NAGANO, Feb. 14 After a long program so remarkable that it succeeded in taking the focus off his bright yellow shirt with black splotches, Russian figure skater Ilia Kulik raised his arms and smiled as if he could already feel the Olympic gold medal being draped around his neck. France's Philippe Candeloro, who hadn't yet performed, knew as he watched Kulik that the top spot on the medal stand had just been taken.

"I saw Ilia skate today," Candeloro said, "... and I said: Okay, he won."
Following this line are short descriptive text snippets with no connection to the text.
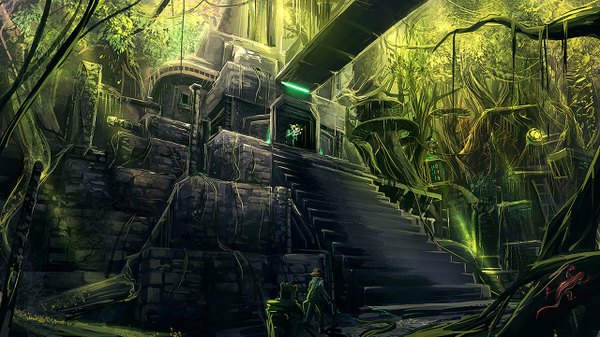 Anime picture 1280x721 with original airlight (artist) wide image landscape overgrown plant (plants) tree (trees) building (buildings) forest stairs pyramid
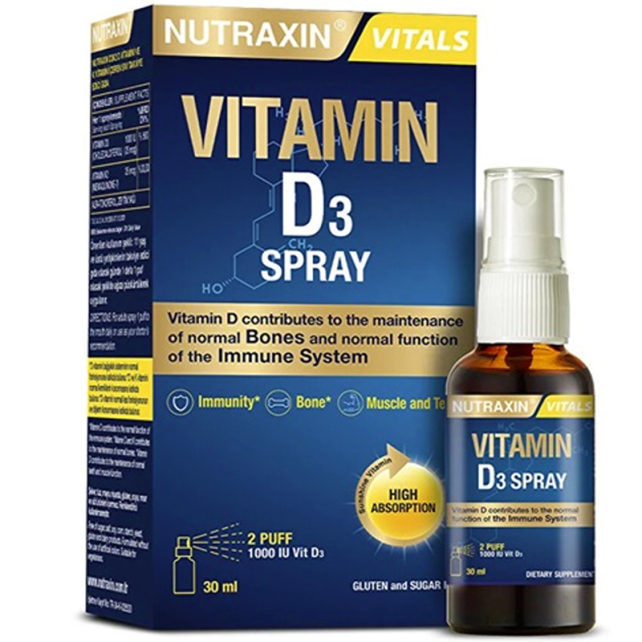 Nutraxin Vitals Vitamin D3 Spray - Gıda Takviyesi 30ml - 1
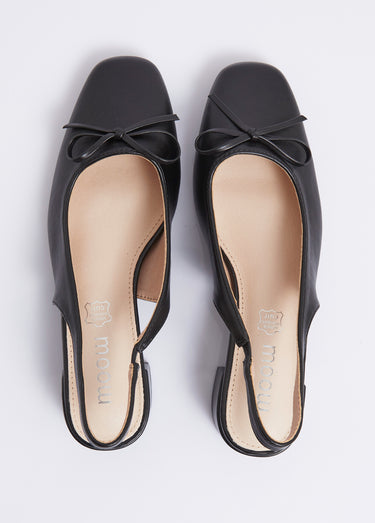 Ballerines slingback, petit talon enrobé Noir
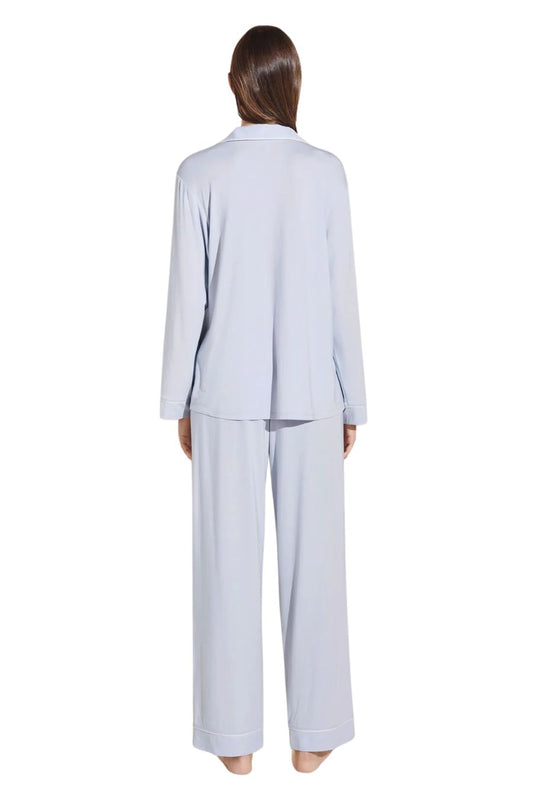Gisele TENCEL™ Modal Long PJ Set in Ice Blue/Ivory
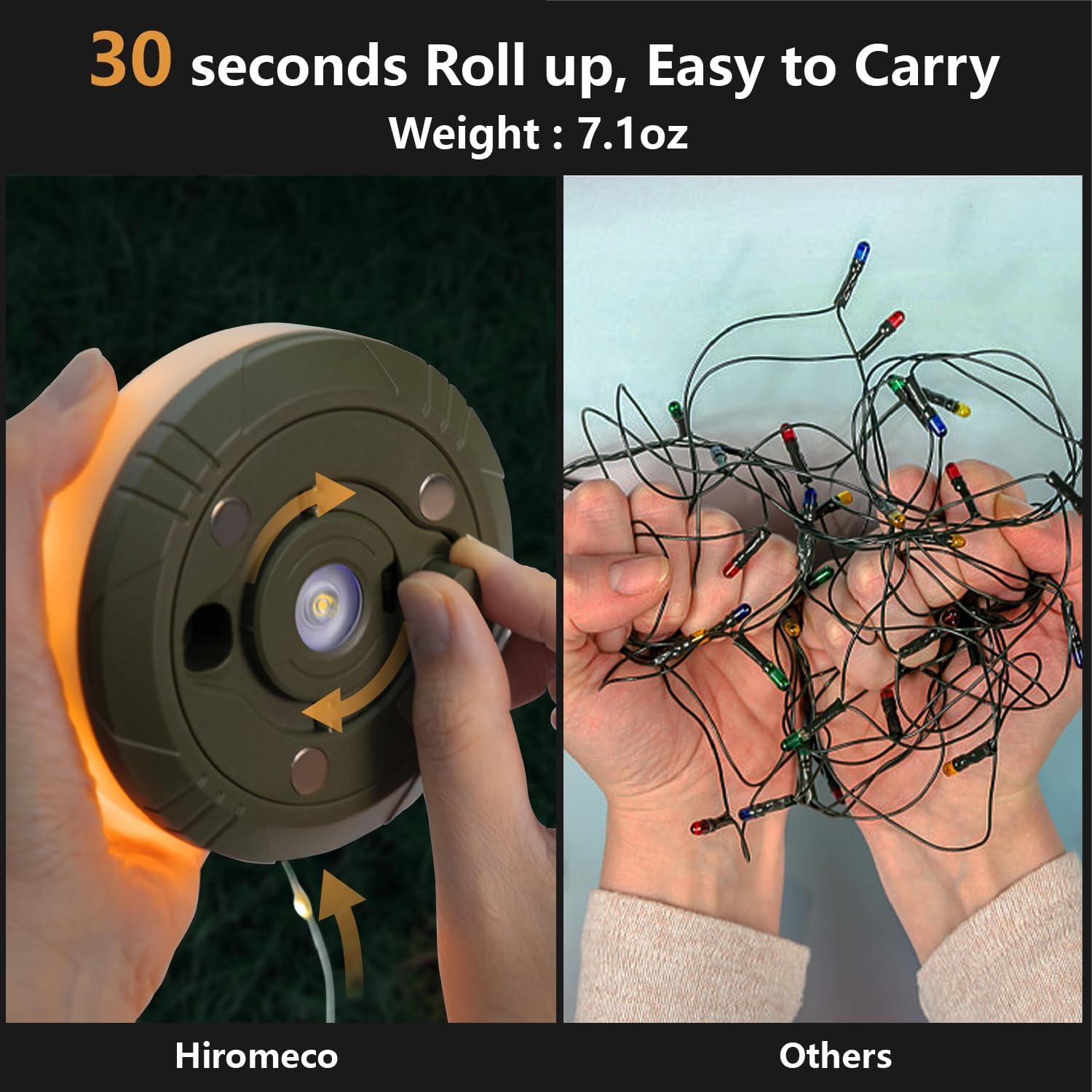 Luces de Camping Hiromeco 2 en 1, 10m, Impermeables, USB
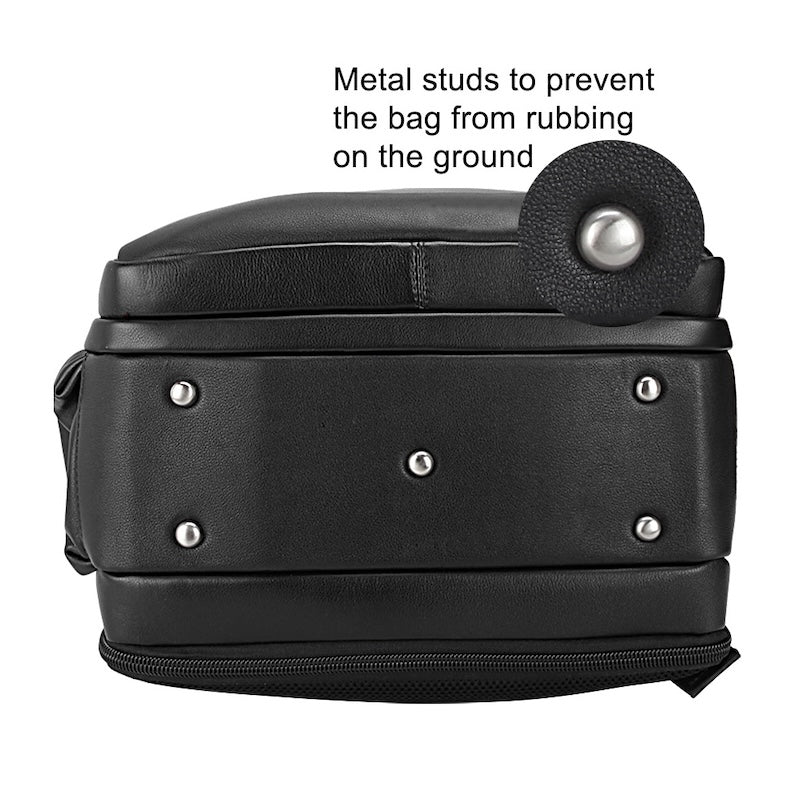 Large Capacity Waterproof Genuine Leather Laptop Backpack Zipper Air Cushion Belt for Men Vintage Fashion Travel Shoulder Bag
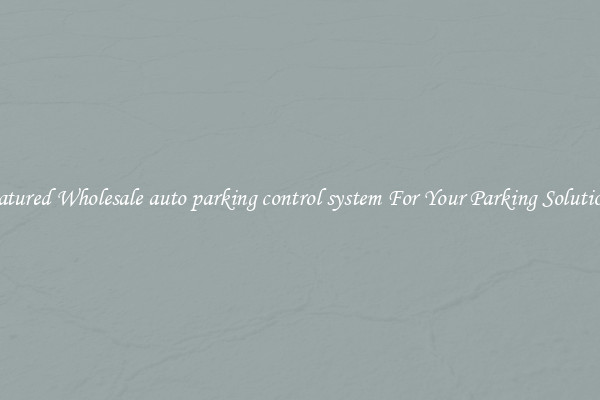 Featured Wholesale auto parking control system For Your Parking Solutions 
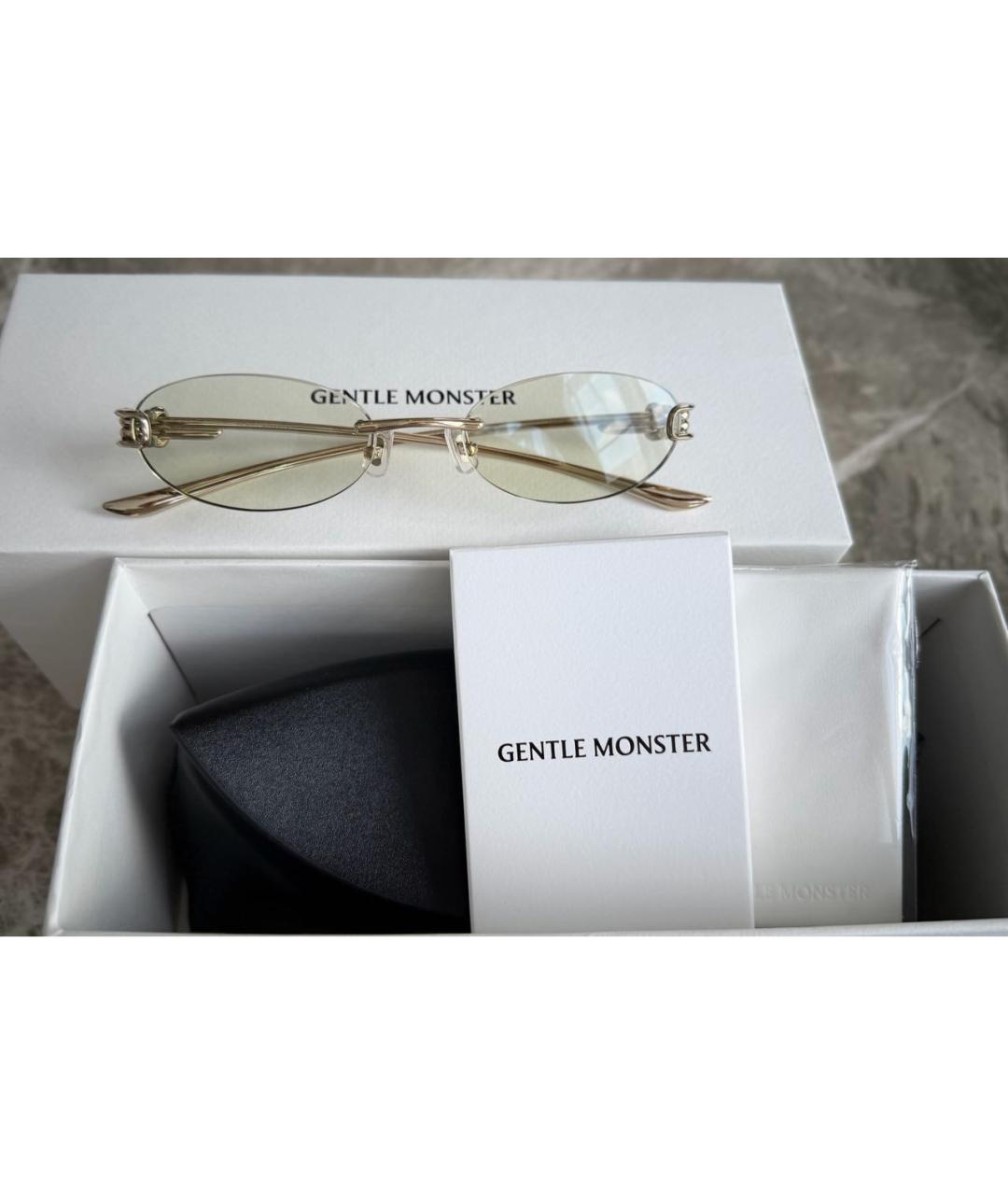 GENTLE MONSTER Золотые металлические солнцезащитные очки, фото 3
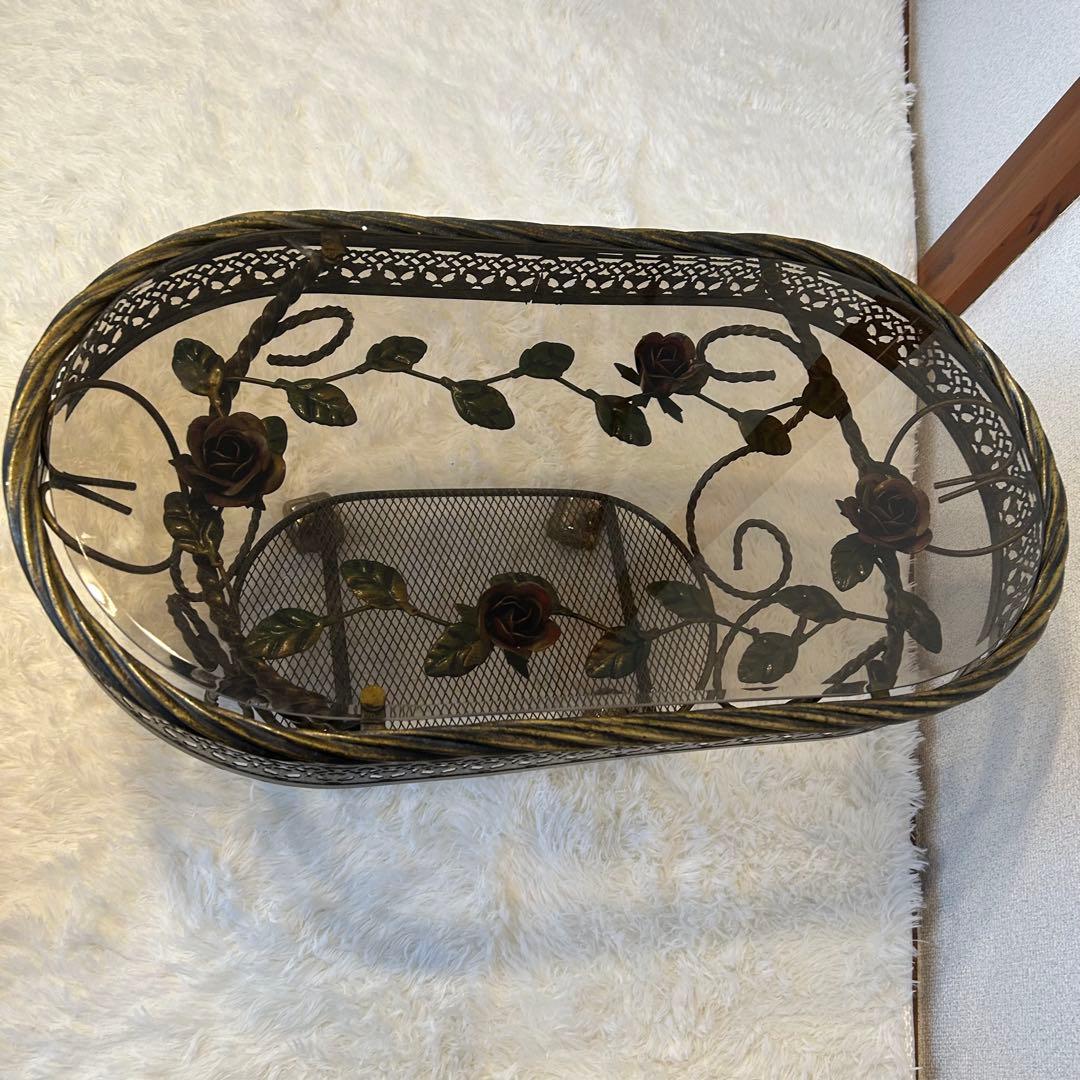 ヴィンテージ ミッドセンチュリー ガラス天板 真鍮キャスター HMC 薔薇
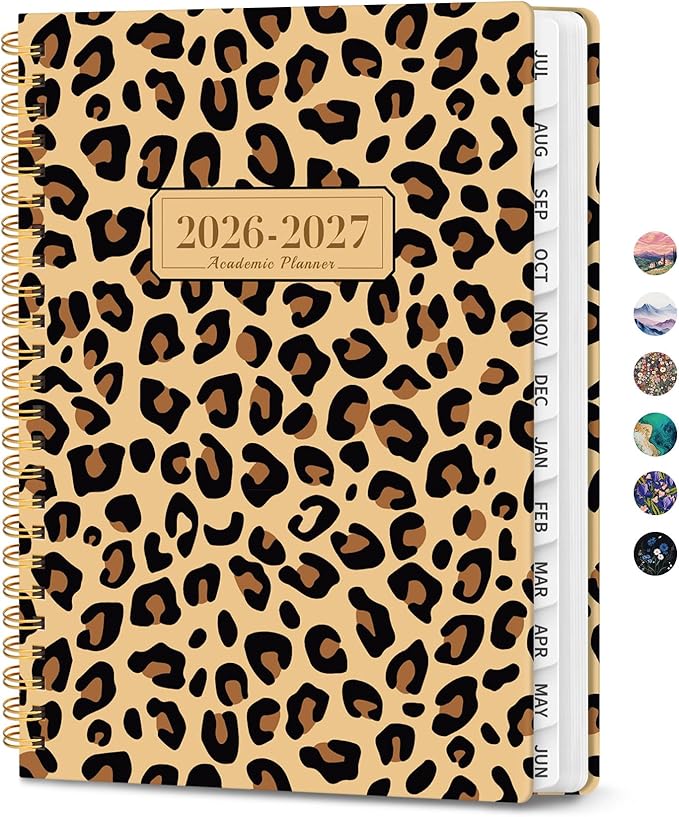 Planner 2026-2027, Monthly and Weekly Academic Planner July 2026 - June 2027, Hardcover Student Teacher Planning Agenda Calendar Book with Tabs, Perfect for Office School Supplies, A4 (8.5" x 11") - Leopard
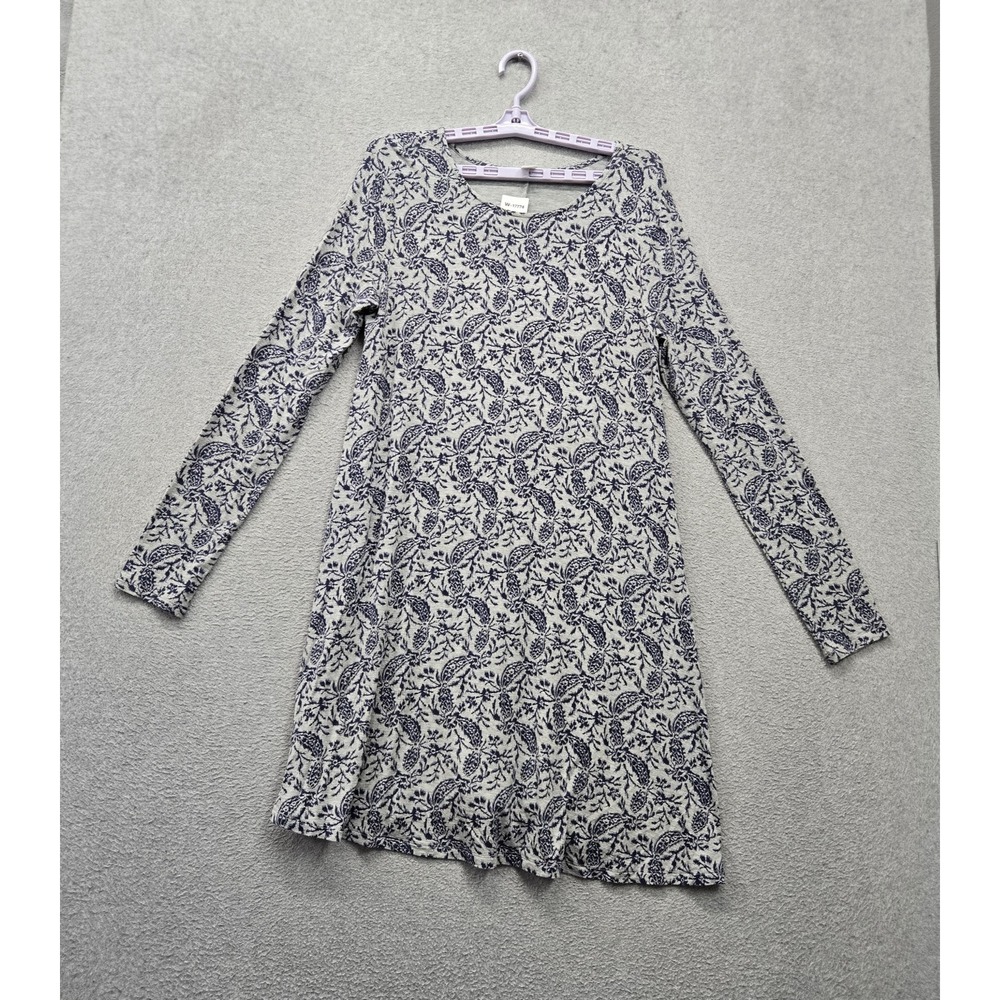 Old Navy Women Dress L Gray Leaf Print Knee Length Shift Long Sleeve Casual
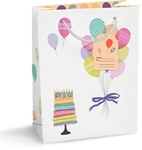 Sac cadeau anniversaire, gâteau et ballons, L, 20 x 33 x 27 cm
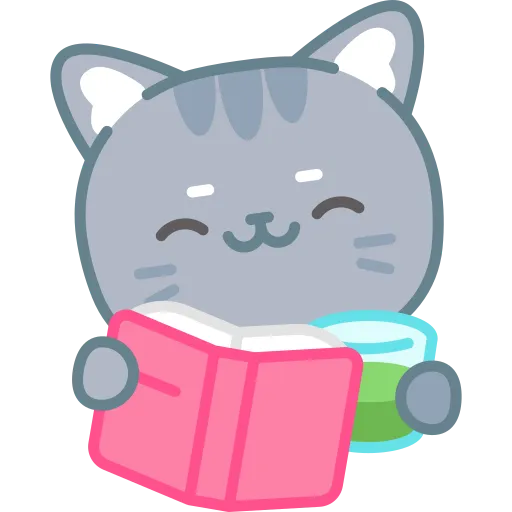 Cat Holding Book and Smiling for Reading and Study Time Fun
Though the gold medal seemed to be decided early tonight, the real drama began only after Kulik's performance which included a quadruple toe loop and eight triple jumps. During a night of surprises at the White Ring ice rink, Canada's Elvis Stojko overcame a groin injury to win the silver and Candeloro stirred the crowd and the judges to steal the bronze from American Todd Eldredge.

While Eldredge failed miserably in his last chance to win an Olympic medal, dropping into fourth place, Fairfax's Michael Weiss redeemed himself with a seventh-place finish, and Chinese skater Zhengxin Guo landed the first quadruple jump in Olympic history.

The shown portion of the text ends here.